I finally made it to Kranj, I’ve ridden to Kranj from Skofja Loka 6 or 7 times. It’s about a 40 minute ride and I got back an hour after the train, not too bad? I was so glad to be back. I think todays ride was harder than crossing the PRELAZ VRSIC (mountain pass). I was so dead,
If your considering a challenging bike route here it is.
Next time I’ll ride from Skofja Loka to Most na Soca, instead of the train, it’s a quiet road. IS BIKING BETTER THAN DRIVING? Of course I say yes, but you decide for yourself. Taking 4 days biking versus 3 hours driving allows for a greater connection with an area, just look at the photos, they tell the real story.
NEXT? BIKING IN CROATIA (again). For all the people waiting for my Skofja Loka stories and photos, I swear they’re next-next. I have 450 photos to sort and figure out where to put to make a nice story;-)
I know I promised to write about life in Skofja Loka, but shit happens. We’ve had a terrible summer, except for the last couple of days, sunny sunny sunny. It’s hard to work inside when it’s so nice outside. We went to the European Union Mobility Festival events in Ljubljana. I did the bike tour, then we all 3 did the walking tour and then a free train ride to the Ljubljana Castle (photos) in the city center.
I was told by the head of Slovenian Tourism that the route around Mt. Triglav is the most beautiful part of Slovenia. I’ve been trying all summer to get someone, anyone to join me for a bike tour of the region, but no takers. (Stanley)I finally convince Natasa that driving around the mountain and car-camping would be OK too. So we are going to drive around Mt. Triglav (photos), the highest mountain in Slovenia and it’s only National Park while doing bike tour scouting.
We didn’t leave till 5pm, so within a couple hours the sun was disappearing. I type “camping” into Google maps and it shows a few campsites, on the other side of the Soca River. We finally find a bridge, cross the river and follow some camping signs down a gravel road. We stumble into CAMP VILI (camp willy), and meet the very funny owner, Will.

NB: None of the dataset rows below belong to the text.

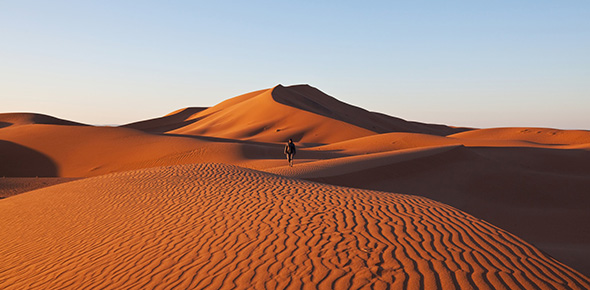 A Brief Quiz About Deserts!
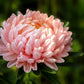 30 Duchess APRICOT PAEONY ASTER French Peony Callistephus Double Flower Seeds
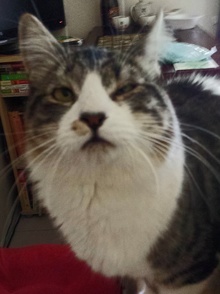 [picture of Perry, a Domestic Medium Hair tabby\ cat] 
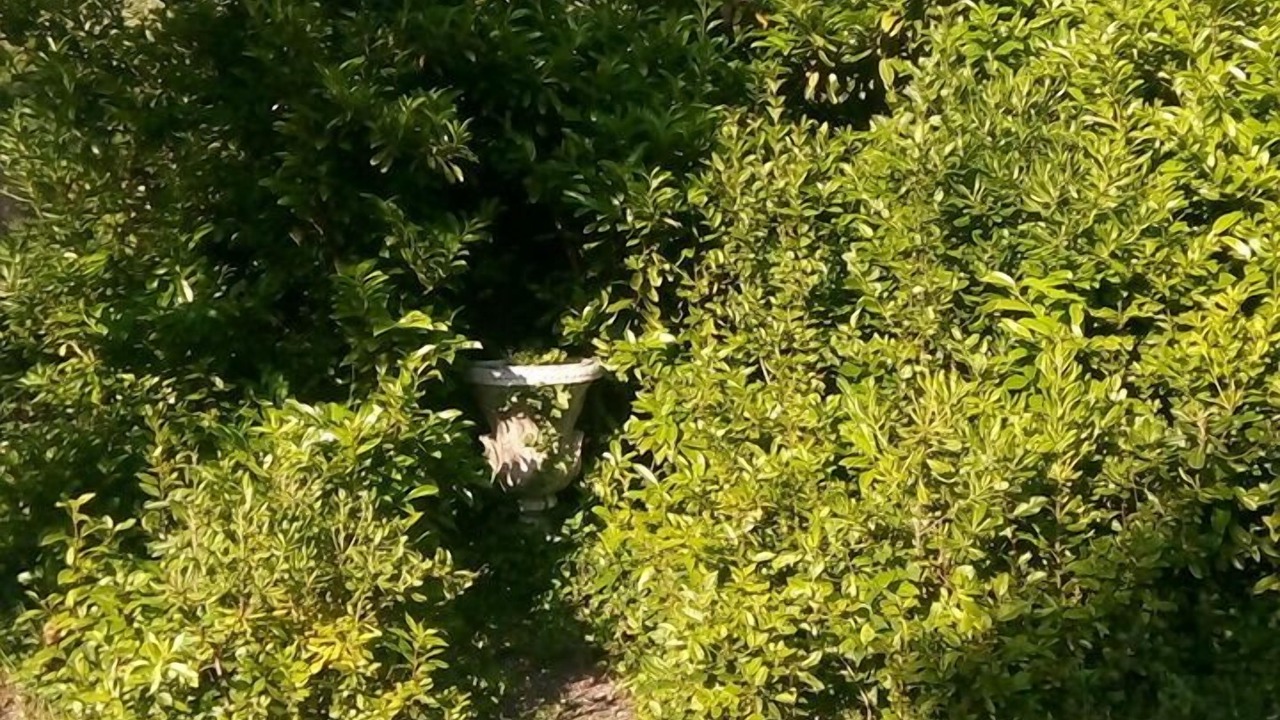Photo of Outdoor in Grasse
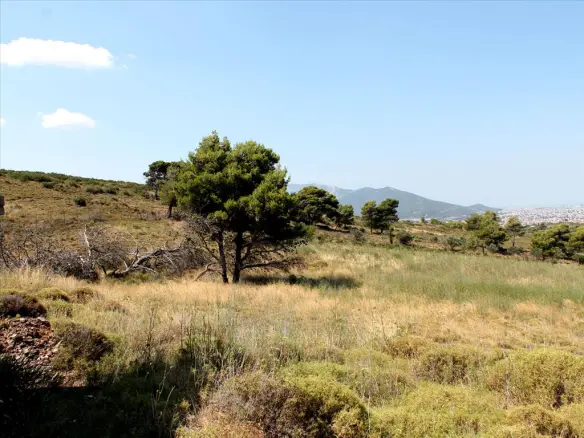 Land In Penteli, Greece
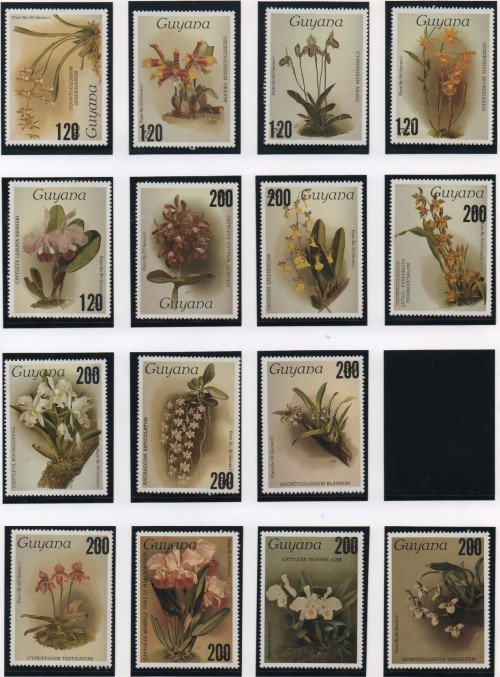 Scan_20201115-9.jpg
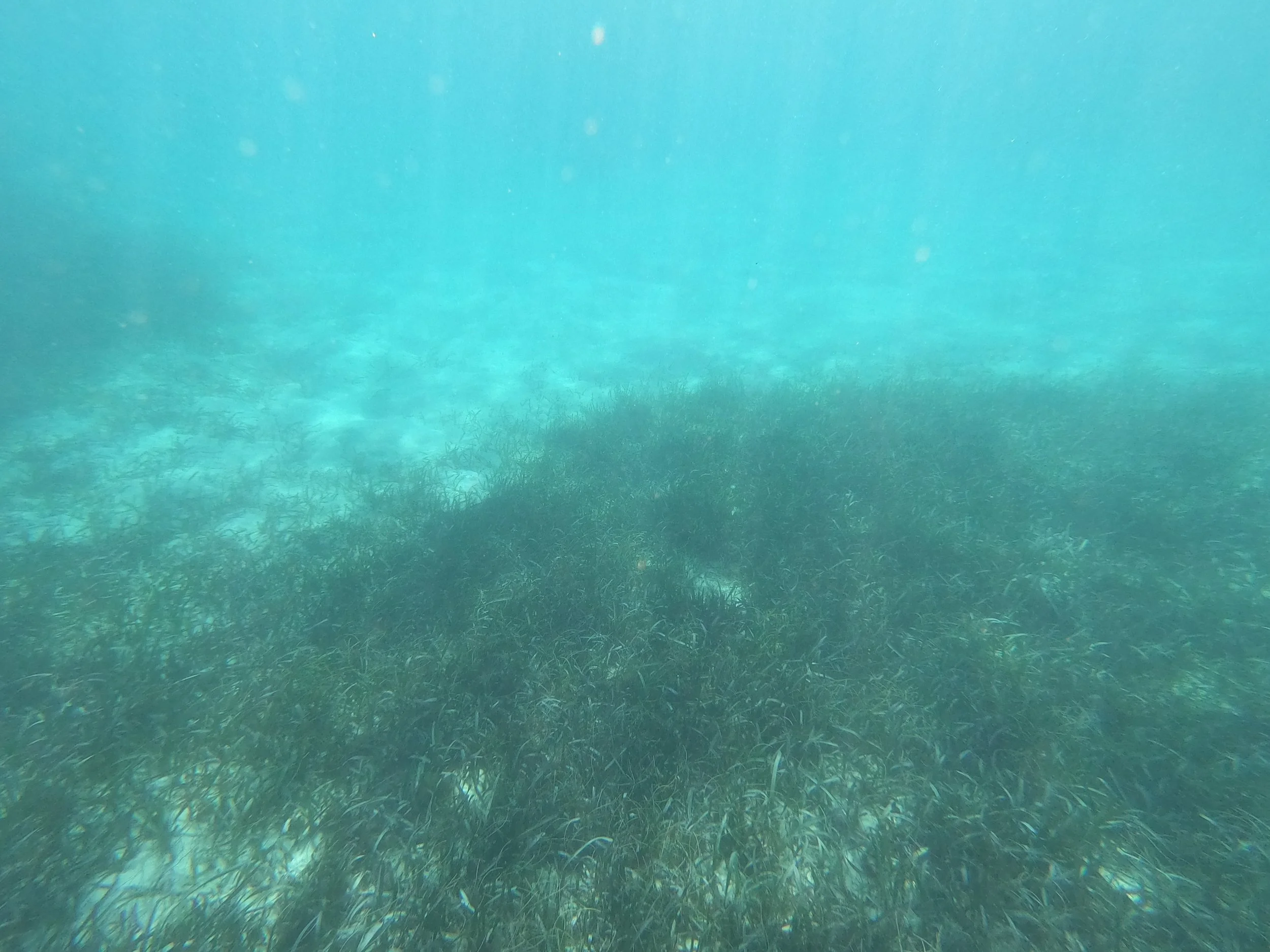 GPTempDownload (13).jpg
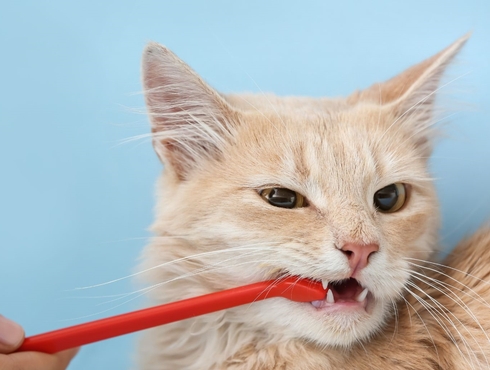 La dentisterie chez votre animal, plus importante qu’on pense!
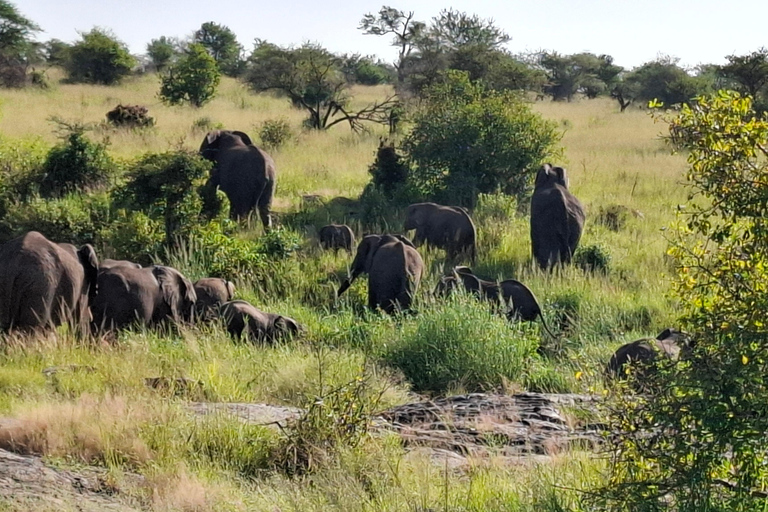 Da Nairobi: Safari economico di 6 giorni nel Masai Mara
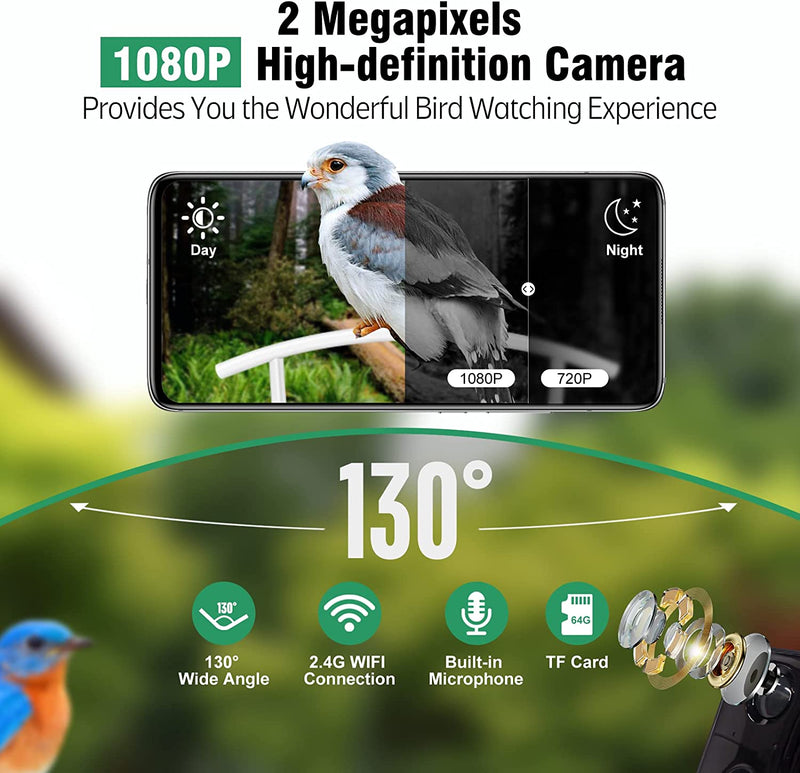 Smart Bird Feeder Camera - 1080P HD Camera Auto Capture Bird Videos & Solar Panel
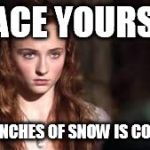 Sansa Stark | BRACE YOURSELF; 10-15 INCHES OF SNOW IS COMING... | image tagged in sansa stark | made w/ Imgflip meme maker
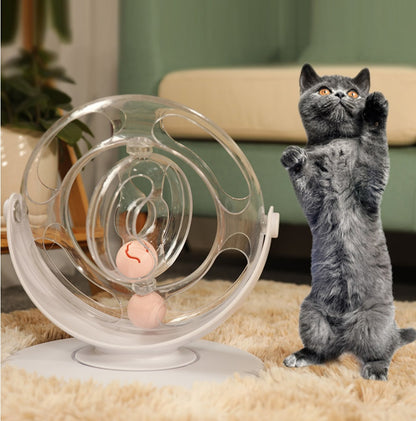 ToyTigris turntable educational cat toy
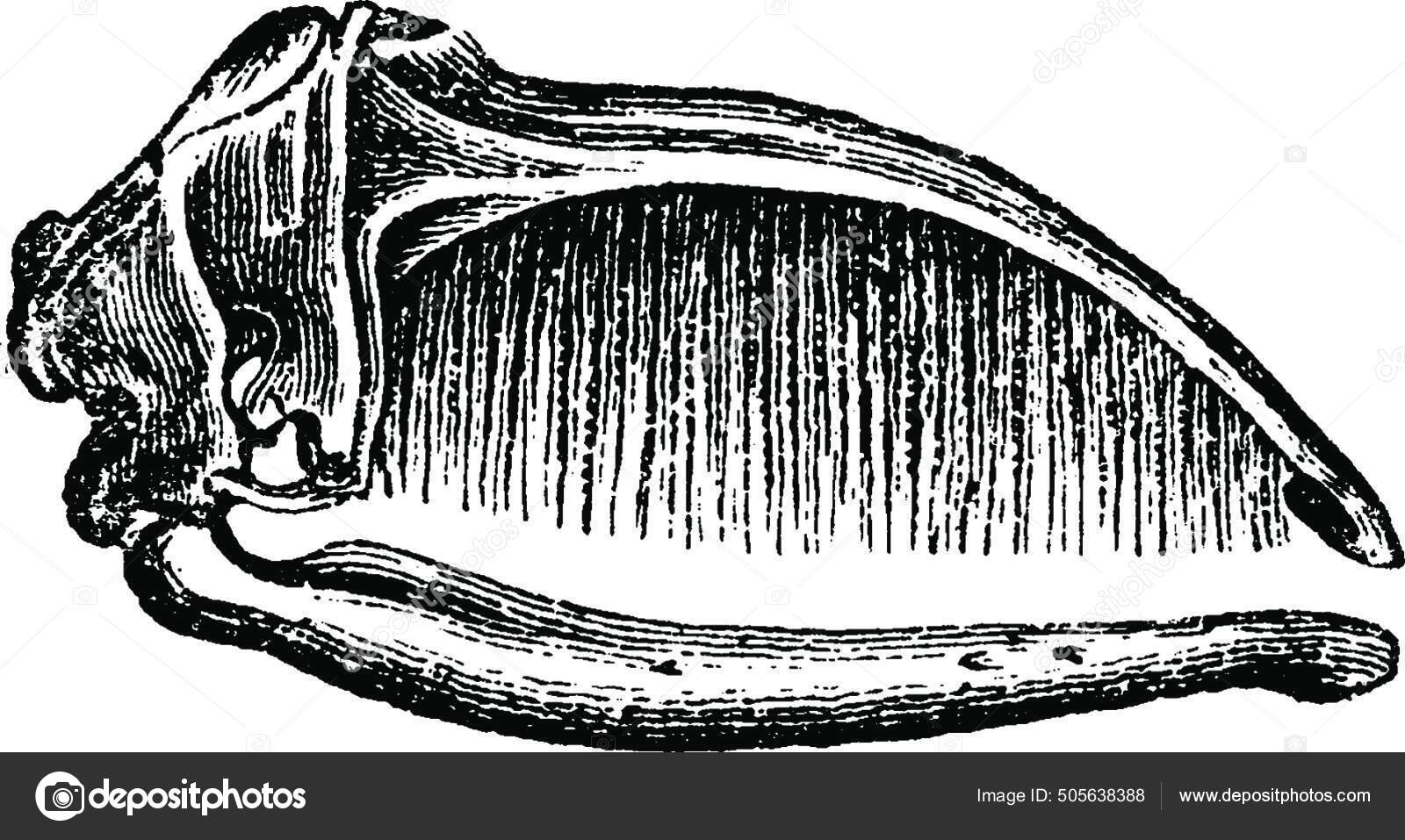 Illustration Dictionary Walnut Stock Vector by ©PantherMediaSeller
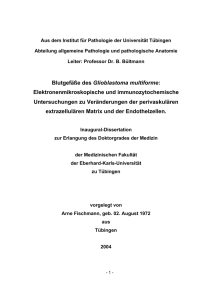 Blutgefäße des Glioblastoma multiforme: Elektronenmikroskopische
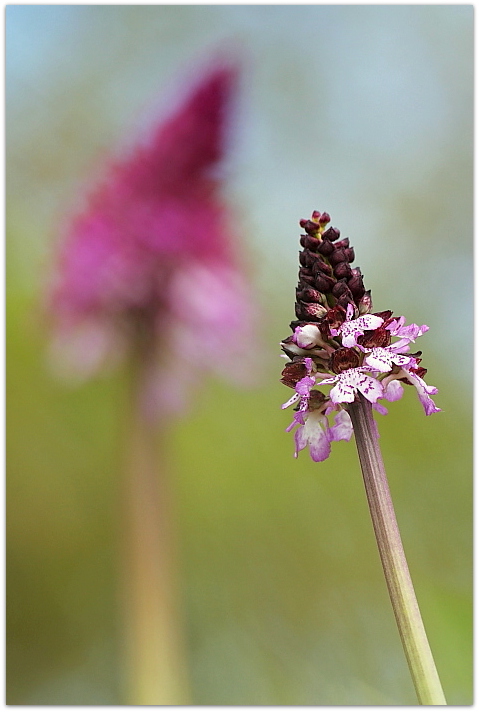 Orchis purpurea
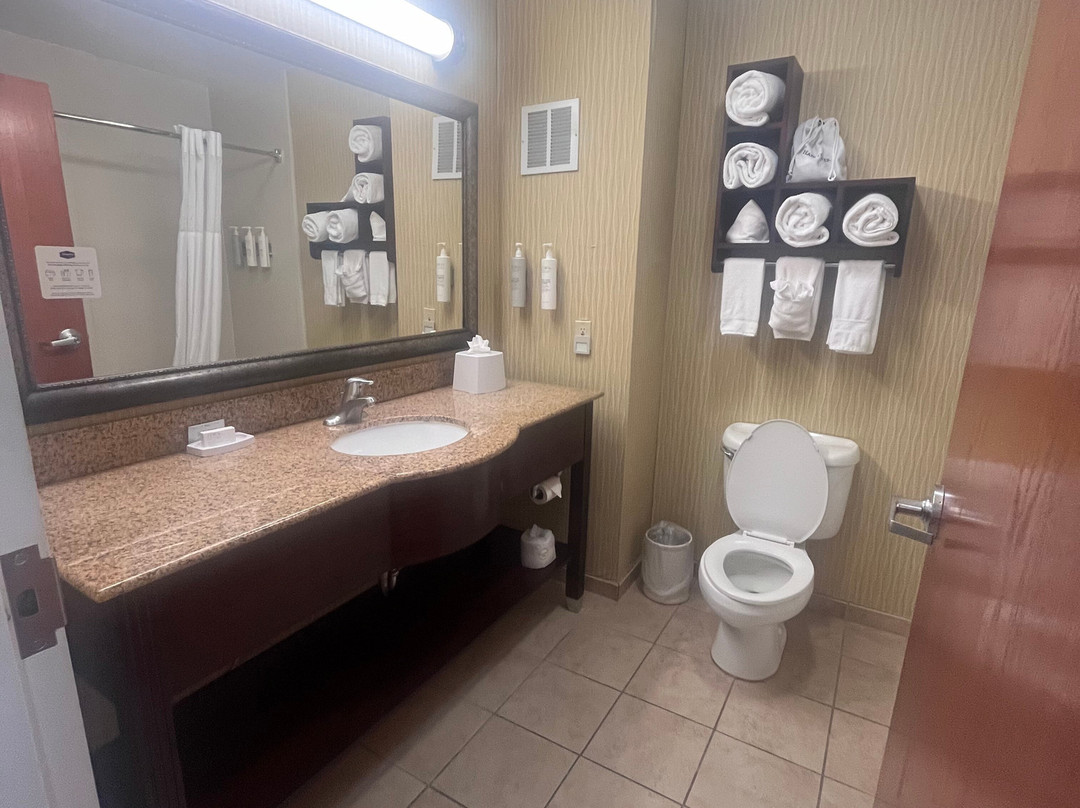 Hampton Inn & Suites East Lansing/okemos主图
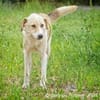 Raki ist ein liebevoller Hund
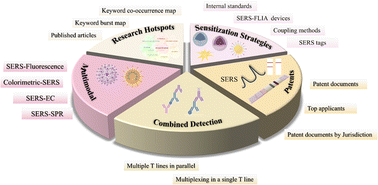 Graphical abstract: In vitro diagnosis based on SERS–LFIA: research hotspots, increase sensitivities, combined detection, multimodal detection and related patents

We didn’t plan any dinner options for tonight. So Will’s many choices are more than welcome.
We opt for the fresh BBQ fish.
The road ends in KOBARID (photos), a place for adventure experiences: rafting, canyoning, hiking, kayaking and parasailing
We stopped at many different campgrounds to see what amenities they offered. Some sold sheep cheese and had an in-house restaurant.
We’ve driven through the entire Trenta Valley (photos) and are about to head up and over the mountain. I’m taking photos as Natasa drives, we pass a photo opportunity, but continue to drive. I finally said “wait” there’s an awesome photo I want. Natasa agrees and turns the car around. We only go back about a kilometer or 2.
We basically drove through the Trenta Valley following the Soca River. Natasa suggest we hike to the Soca’s source, mmm OK. The first part of the hike was easy, but before long we’re hanging onto a cable, to reach the source.
I tell her, “I’m not dieing to see the Soca River source.” We turn around and I buy the post card of what it looks like. Natasa treats me to some cherry strudel, for doing the hike? It’s time to drive up and over PRELAZ VRSIC (photos) .
It was quite a great “road” trip, very doable by bike, except maybe climbing the 10 km mountain.
We’re great travel companions, as always looking forward to our next adventure. Natasa has to go to Sarajevo for work, in a couple weeks. So I plan to take the train to Most Na Soca and bike to Camp Ville, while she’s gone. I was going to just ride up and down the bike route, then take the train back to Skofja Loka. The weather is forecast, sunny for 4 days–straight!